» **WHAT IS REQUIRED**
Transcribe the data that follows. Match it character for character.
[[ THE RECORDS open ]]
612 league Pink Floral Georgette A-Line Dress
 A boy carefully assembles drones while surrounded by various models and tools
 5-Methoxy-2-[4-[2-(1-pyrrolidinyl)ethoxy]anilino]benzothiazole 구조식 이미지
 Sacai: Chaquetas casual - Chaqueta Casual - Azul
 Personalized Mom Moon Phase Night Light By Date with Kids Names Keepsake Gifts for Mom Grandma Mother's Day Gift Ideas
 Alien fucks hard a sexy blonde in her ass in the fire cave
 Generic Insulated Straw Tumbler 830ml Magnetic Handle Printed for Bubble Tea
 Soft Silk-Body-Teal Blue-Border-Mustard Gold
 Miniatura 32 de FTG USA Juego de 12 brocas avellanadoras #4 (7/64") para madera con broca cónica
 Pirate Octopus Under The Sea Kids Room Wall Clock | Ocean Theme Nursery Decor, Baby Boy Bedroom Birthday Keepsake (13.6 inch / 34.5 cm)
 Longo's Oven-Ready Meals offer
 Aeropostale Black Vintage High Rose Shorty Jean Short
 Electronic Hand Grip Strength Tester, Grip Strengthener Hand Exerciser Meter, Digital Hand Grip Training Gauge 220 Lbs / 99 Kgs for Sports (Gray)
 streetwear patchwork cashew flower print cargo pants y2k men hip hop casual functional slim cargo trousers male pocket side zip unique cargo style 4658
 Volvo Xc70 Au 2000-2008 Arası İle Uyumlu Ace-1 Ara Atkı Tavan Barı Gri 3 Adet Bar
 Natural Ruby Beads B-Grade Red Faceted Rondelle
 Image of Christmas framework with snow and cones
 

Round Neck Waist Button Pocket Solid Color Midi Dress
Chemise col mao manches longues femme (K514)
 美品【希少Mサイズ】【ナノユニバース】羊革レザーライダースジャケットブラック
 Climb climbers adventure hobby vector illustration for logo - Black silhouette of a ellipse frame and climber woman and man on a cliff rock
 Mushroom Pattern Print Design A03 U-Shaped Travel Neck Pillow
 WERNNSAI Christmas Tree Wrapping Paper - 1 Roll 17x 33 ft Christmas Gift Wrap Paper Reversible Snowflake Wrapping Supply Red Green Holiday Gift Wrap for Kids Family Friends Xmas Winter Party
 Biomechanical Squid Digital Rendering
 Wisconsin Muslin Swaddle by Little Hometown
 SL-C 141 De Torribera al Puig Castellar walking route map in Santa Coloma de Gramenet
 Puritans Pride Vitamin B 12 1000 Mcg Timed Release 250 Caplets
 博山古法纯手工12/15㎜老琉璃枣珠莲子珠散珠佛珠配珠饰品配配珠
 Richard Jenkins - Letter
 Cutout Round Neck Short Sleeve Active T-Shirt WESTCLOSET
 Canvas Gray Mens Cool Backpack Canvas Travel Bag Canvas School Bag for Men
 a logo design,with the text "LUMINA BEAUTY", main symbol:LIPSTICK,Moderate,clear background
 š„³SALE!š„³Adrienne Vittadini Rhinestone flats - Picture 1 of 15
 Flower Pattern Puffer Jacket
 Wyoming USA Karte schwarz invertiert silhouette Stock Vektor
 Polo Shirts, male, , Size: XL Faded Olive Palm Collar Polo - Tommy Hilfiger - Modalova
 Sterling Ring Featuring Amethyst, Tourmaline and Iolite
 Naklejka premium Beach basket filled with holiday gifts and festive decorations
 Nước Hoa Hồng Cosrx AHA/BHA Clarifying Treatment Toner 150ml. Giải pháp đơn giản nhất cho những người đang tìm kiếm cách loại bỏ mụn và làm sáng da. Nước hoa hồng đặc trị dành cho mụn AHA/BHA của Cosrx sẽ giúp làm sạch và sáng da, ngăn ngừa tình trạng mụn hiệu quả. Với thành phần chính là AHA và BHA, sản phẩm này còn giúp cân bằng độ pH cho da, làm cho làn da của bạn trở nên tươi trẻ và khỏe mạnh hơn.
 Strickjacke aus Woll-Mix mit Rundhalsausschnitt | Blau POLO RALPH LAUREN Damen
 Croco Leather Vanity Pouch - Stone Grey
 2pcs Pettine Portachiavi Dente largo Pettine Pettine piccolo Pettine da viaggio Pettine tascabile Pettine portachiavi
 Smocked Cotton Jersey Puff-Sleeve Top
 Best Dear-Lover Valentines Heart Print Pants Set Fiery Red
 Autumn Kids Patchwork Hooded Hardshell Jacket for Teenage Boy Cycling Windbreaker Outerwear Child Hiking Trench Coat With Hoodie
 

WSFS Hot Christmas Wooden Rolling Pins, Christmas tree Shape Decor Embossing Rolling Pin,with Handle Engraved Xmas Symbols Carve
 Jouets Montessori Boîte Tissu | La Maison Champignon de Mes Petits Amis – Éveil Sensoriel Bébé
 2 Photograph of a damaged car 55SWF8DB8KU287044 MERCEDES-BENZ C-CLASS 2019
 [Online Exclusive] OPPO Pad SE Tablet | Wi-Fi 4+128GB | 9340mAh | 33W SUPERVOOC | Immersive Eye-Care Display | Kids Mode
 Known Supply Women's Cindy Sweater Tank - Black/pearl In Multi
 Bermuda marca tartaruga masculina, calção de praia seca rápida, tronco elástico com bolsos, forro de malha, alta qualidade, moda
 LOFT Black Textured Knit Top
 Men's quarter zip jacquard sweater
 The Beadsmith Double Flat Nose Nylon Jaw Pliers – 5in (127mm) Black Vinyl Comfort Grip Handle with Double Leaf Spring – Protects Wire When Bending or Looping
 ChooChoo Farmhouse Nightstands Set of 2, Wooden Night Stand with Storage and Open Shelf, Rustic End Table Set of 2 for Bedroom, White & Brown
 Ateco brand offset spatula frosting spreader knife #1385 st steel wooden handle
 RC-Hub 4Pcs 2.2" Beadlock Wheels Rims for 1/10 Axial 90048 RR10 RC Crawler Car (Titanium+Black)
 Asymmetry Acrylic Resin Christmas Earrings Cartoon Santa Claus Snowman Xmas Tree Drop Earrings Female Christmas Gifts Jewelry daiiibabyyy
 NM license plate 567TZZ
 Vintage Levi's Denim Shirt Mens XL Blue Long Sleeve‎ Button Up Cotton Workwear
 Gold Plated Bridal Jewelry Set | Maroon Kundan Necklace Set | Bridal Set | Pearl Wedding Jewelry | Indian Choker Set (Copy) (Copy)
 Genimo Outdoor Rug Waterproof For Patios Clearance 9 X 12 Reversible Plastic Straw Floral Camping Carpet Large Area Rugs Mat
[[ THE RECORDS closed ]]
» **ANSWER TO THE PROBLEM**
612 league Pink Floral Georgette A-Line Dress
 A boy carefully assembles drones while surrounded by various models and tools
 5-Methoxy-2-[4-[2-(1-pyrrolidinyl)ethoxy]anilino]benzothiazole 구조식 이미지
 Sacai: Chaquetas casual - Chaqueta Casual - Azul
 Personalized Mom Moon Phase Night Light By Date with Kids Names Keepsake Gifts for Mom Grandma Mother's Day Gift Ideas
 Alien fucks hard a sexy blonde in her ass in the fire cave
 Generic Insulated Straw Tumbler 830ml Magnetic Handle Printed for Bubble Tea
 Soft Silk-Body-Teal Blue-Border-Mustard Gold
 Miniatura 32 de FTG USA Juego de 12 brocas avellanadoras #4 (7/64") para madera con broca cónica
 Pirate Octopus Under The Sea Kids Room Wall Clock | Ocean Theme Nursery Decor, Baby Boy Bedroom Birthday Keepsake (13.6 inch / 34.5 cm)
 Longo's Oven-Ready Meals offer
 Aeropostale Black Vintage High Rose Shorty Jean Short
 Electronic Hand Grip Strength Tester, Grip Strengthener Hand Exerciser Meter, Digital Hand Grip Training Gauge 220 Lbs / 99 Kgs for Sports (Gray)
 streetwear patchwork cashew flower print cargo pants y2k men hip hop casual functional slim cargo trousers male pocket side zip unique cargo style 4658
 Volvo Xc70 Au 2000-2008 Arası İle Uyumlu Ace-1 Ara Atkı Tavan Barı Gri 3 Adet Bar
 Natural Ruby Beads B-Grade Red Faceted Rondelle
 Image of Christmas framework with snow and cones
 

Round Neck Waist Button Pocket Solid Color Midi Dress
Chemise col mao manches longues femme (K514)
 美品【希少Mサイズ】【ナノユニバース】羊革レザーライダースジャケットブラック
 Climb climbers adventure hobby vector illustration for logo - Black silhouette of a ellipse frame and climber woman and man on a cliff rock
 Mushroom Pattern Print Design A03 U-Shaped Travel Neck Pillow
 WERNNSAI Christmas Tree Wrapping Paper - 1 Roll 17x 33 ft Christmas Gift Wrap Paper Reversible Snowflake Wrapping Supply Red Green Holiday Gift Wrap for Kids Family Friends Xmas Winter Party
 Biomechanical Squid Digital Rendering
 Wisconsin Muslin Swaddle by Little Hometown
 SL-C 141 De Torribera al Puig Castellar walking route map in Santa Coloma de Gramenet
 Puritans Pride Vitamin B 12 1000 Mcg Timed Release 250 Caplets
 博山古法纯手工12/15㎜老琉璃枣珠莲子珠散珠佛珠配珠饰品配配珠
 Richard Jenkins - Letter
 Cutout Round Neck Short Sleeve Active T-Shirt WESTCLOSET
 Canvas Gray Mens Cool Backpack Canvas Travel Bag Canvas School Bag for Men
 a logo design,with the text "LUMINA BEAUTY", main symbol:LIPSTICK,Moderate,clear background
 š„³SALE!š„³Adrienne Vittadini Rhinestone flats - Picture 1 of 15
 Flower Pattern Puffer Jacket
 Wyoming USA Karte schwarz invertiert silhouette Stock Vektor
 Polo Shirts, male, , Size: XL Faded Olive Palm Collar Polo - Tommy Hilfiger - Modalova
 Sterling Ring Featuring Amethyst, Tourmaline and Iolite
 Naklejka premium Beach basket filled with holiday gifts and festive decorations
 Nước Hoa Hồng Cosrx AHA/BHA Clarifying Treatment Toner 150ml. Giải pháp đơn giản nhất cho những người đang tìm kiếm cách loại bỏ mụn và làm sáng da. Nước hoa hồng đặc trị dành cho mụn AHA/BHA của Cosrx sẽ giúp làm sạch và sáng da, ngăn ngừa tình trạng mụn hiệu quả. Với thành phần chính là AHA và BHA, sản phẩm này còn giúp cân bằng độ pH cho da, làm cho làn da của bạn trở nên tươi trẻ và khỏe mạnh hơn.
 Strickjacke aus Woll-Mix mit Rundhalsausschnitt | Blau POLO RALPH LAUREN Damen
 Croco Leather Vanity Pouch - Stone Grey
 2pcs Pettine Portachiavi Dente largo Pettine Pettine piccolo Pettine da viaggio Pettine tascabile Pettine portachiavi
 Smocked Cotton Jersey Puff-Sleeve Top
 Best Dear-Lover Valentines Heart Print Pants Set Fiery Red
 Autumn Kids Patchwork Hooded Hardshell Jacket for Teenage Boy Cycling Windbreaker Outerwear Child Hiking Trench Coat With Hoodie
 

WSFS Hot Christmas Wooden Rolling Pins, Christmas tree Shape Decor Embossing Rolling Pin,with Handle Engraved Xmas Symbols Carve
 Jouets Montessori Boîte Tissu | La Maison Champignon de Mes Petits Amis – Éveil Sensoriel Bébé
 2 Photograph of a damaged car 55SWF8DB8KU287044 MERCEDES-BENZ C-CLASS 2019
 [Online Exclusive] OPPO Pad SE Tablet | Wi-Fi 4+128GB | 9340mAh | 33W SUPERVOOC | Immersive Eye-Care Display | Kids Mode
 Known Supply Women's Cindy Sweater Tank - Black/pearl In Multi
 Bermuda marca tartaruga masculina, calção de praia seca rápida, tronco elástico com bolsos, forro de malha, alta qualidade, moda
 LOFT Black Textured Knit Top
 Men's quarter zip jacquard sweater
 The Beadsmith Double Flat Nose Nylon Jaw Pliers – 5in (127mm) Black Vinyl Comfort Grip Handle with Double Leaf Spring – Protects Wire When Bending or Looping
 ChooChoo Farmhouse Nightstands Set of 2, Wooden Night Stand with Storage and Open Shelf, Rustic End Table Set of 2 for Bedroom, White & Brown
 Ateco brand offset spatula frosting spreader knife #1385 st steel wooden handle
 RC-Hub 4Pcs 2.2" Beadlock Wheels Rims for 1/10 Axial 90048 RR10 RC Crawler Car (Titanium+Black)
 Asymmetry Acrylic Resin Christmas Earrings Cartoon Santa Claus Snowman Xmas Tree Drop Earrings Female Christmas Gifts Jewelry daiiibabyyy
 NM license plate 567TZZ
 Vintage Levi's Denim Shirt Mens XL Blue Long Sleeve‎ Button Up Cotton Workwear
 Gold Plated Bridal Jewelry Set | Maroon Kundan Necklace Set | Bridal Set | Pearl Wedding Jewelry | Indian Choker Set (Copy) (Copy)
 Genimo Outdoor Rug Waterproof For Patios Clearance 9 X 12 Reversible Plastic Straw Floral Camping Carpet Large Area Rugs Mat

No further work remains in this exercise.